__Try it__
Give again only what runs from the line with "Dinner on the Donald Gordon Theatre Stage" to the final line of the entries below, exactly as written and without pictures.

__Input records__
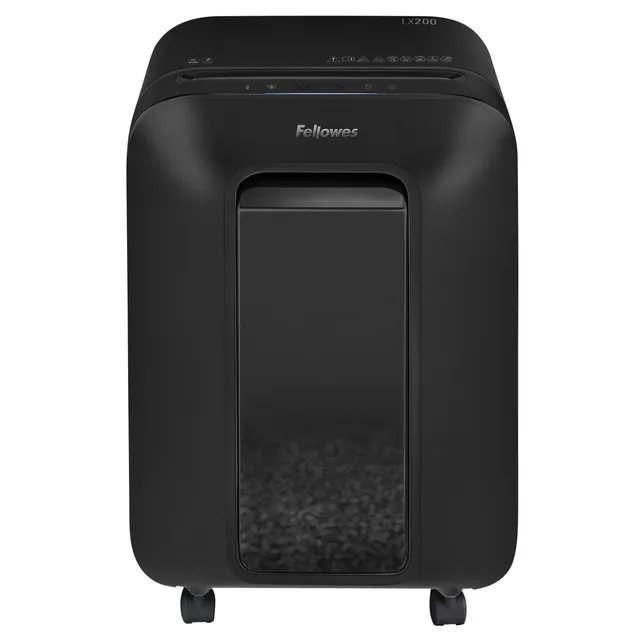 Papiervernietiger Fellowes LX200 4x12mm zwart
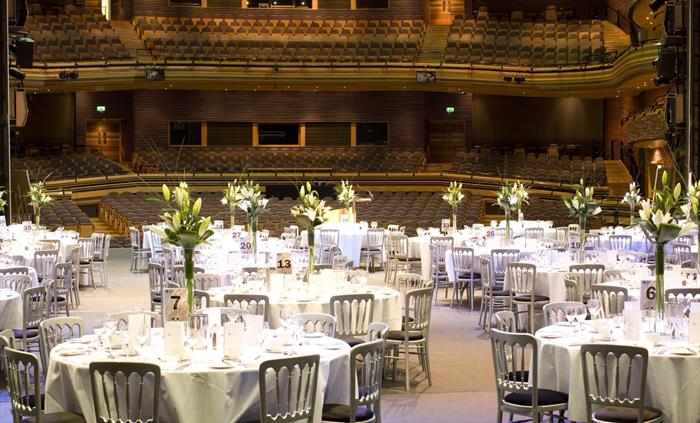 Dinner on the Donald Gordon Theatre Stage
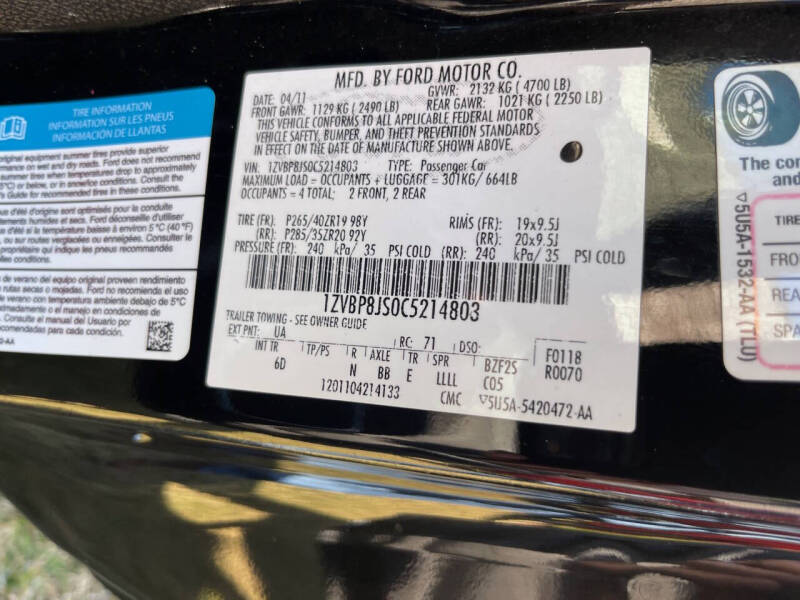 2012 Ford Shelby GT500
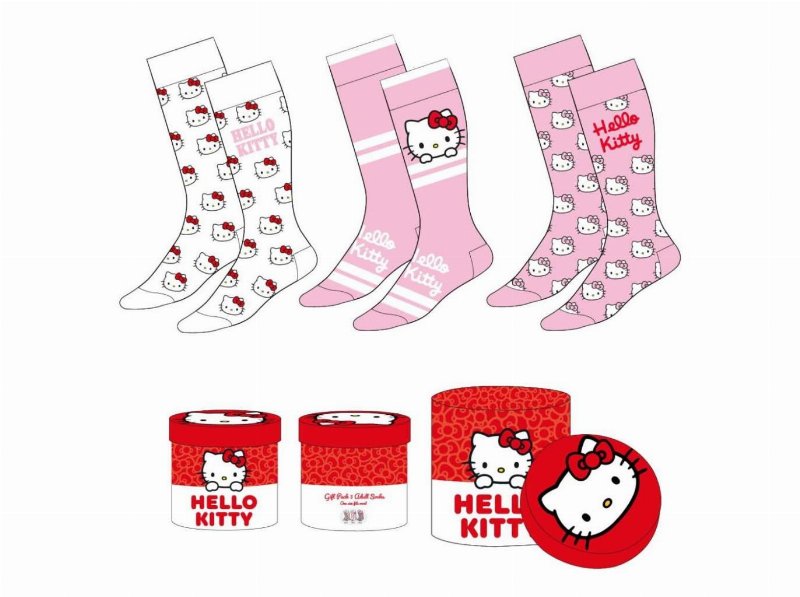 Pack 3 Meias Pieces Hello Kitty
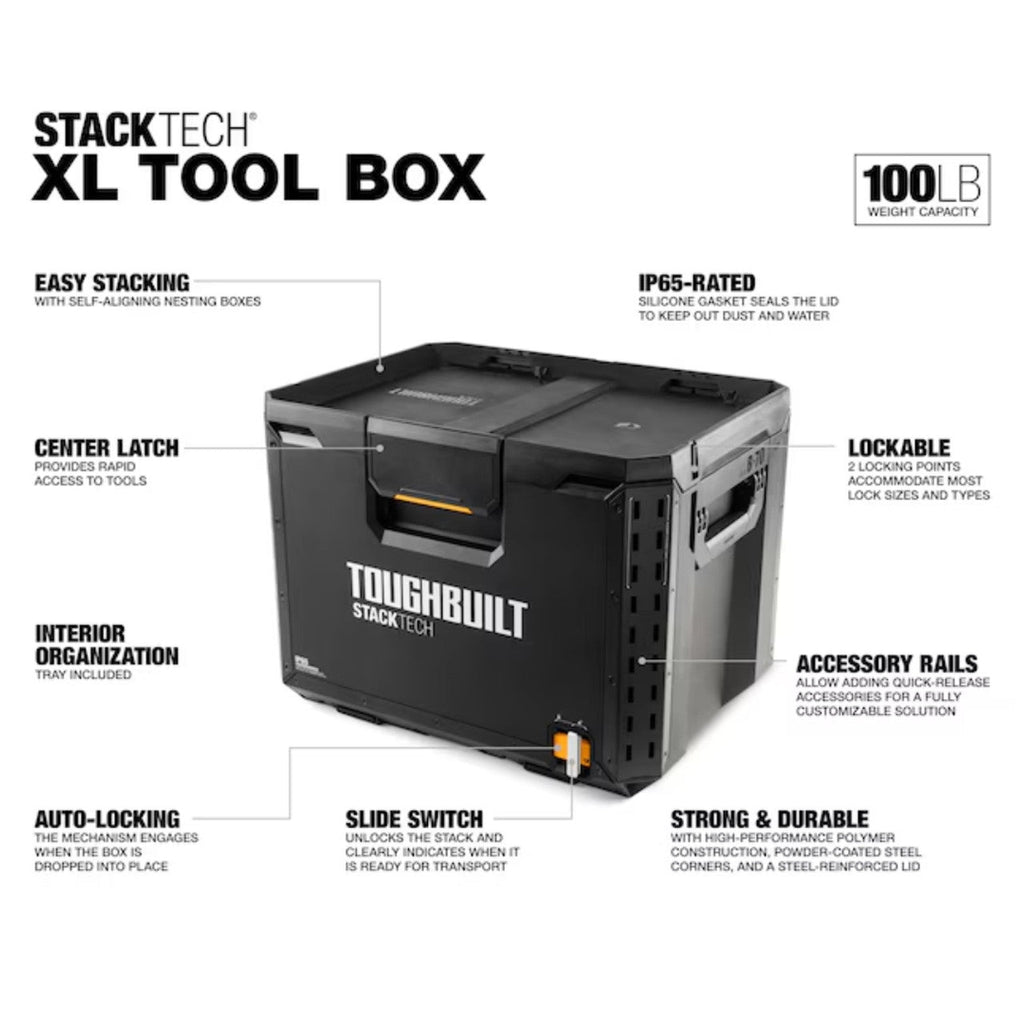 ToughBuilt TB-B1-B-70 StackTech Xl Tool Box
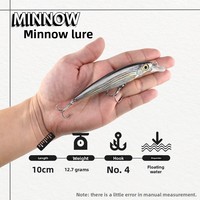 Leurre artificiel ABS Minnow pour pêche en surface, longue portée, avec flotteurs et fonctions de plongée, pour la pêche en extérieur, sans hameçons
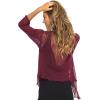 imageBack From Bali Womens Sheer Shrug Cardigan Lightweight KnitMaroon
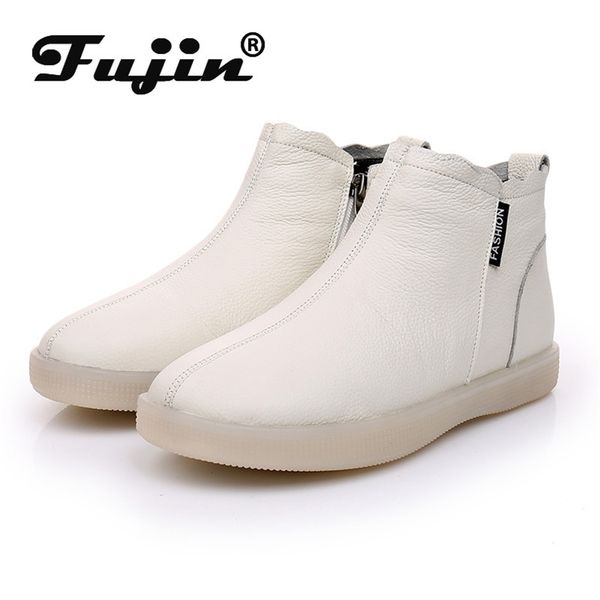 fujin genuine leather cow women ankle boots warm wool za beige white slip on super comfortable booties autumn winter shoes 210914, Black
fujin genuine leather cow women ankle boots warm wool za beige white slip on super comfortable booties autumn winter shoes 210914, Black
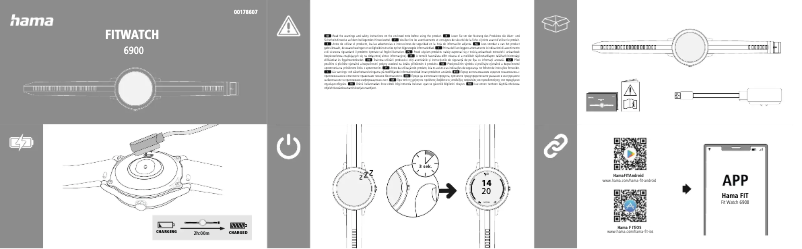 Page 1 de la notice Guide de démarrage rapide Hama Fit Watch 6900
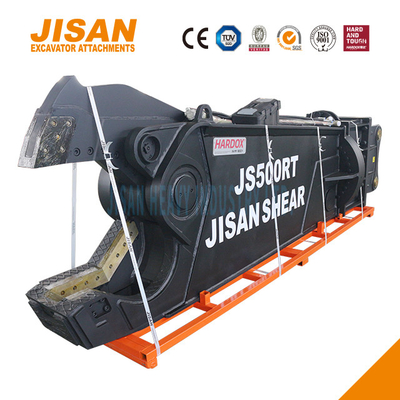 Quick Blade Replacement Scrap Material Cutting And Recovery With Teyun Tycs450rt Excavator Metal Shears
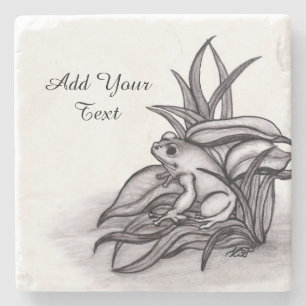 Posavasos De Piedra Froggy , Agrega tu texto 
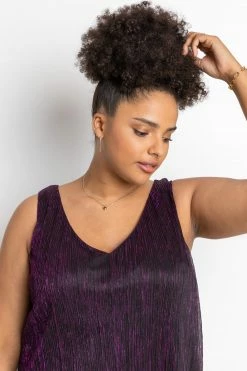 Roman Purple Curve Metallic Plisse Vest Top 14 Roman Purple Curve Metallic Plisse Vest Top -Roman Sales Shop unnamed file 12198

__Solution__
 Dinner on the Donald Gordon Theatre Stage
 2012 Ford Shelby GT500
 Pack 3 Meias Pieces Hello Kitty
 ToughBuilt TB-B1-B-70 StackTech Xl Tool Box
 Leurre artificiel ABS Minnow pour pêche en surface, longue portée, avec flotteurs et fonctions de plongée, pour la pêche en extérieur, sans hameçons
 imageBack From Bali Womens Sheer Shrug Cardigan Lightweight KnitMaroon
 fujin genuine leather cow women ankle boots warm wool za beige white slip on super comfortable booties autumn winter shoes 210914, Black
fujin genuine leather cow women ankle boots warm wool za beige white slip on super comfortable booties autumn winter shoes 210914, Black
 Page 1 de la notice Guide de démarrage rapide Hama Fit Watch 6900
 Quick Blade Replacement Scrap Material Cutting And Recovery With Teyun Tycs450rt Excavator Metal Shears
 Posavasos De Piedra Froggy , Agrega tu texto 
 Roman Purple Curve Metallic Plisse Vest Top 14 Roman Purple Curve Metallic Plisse Vest Top -Roman Sales Shop unnamed file 12198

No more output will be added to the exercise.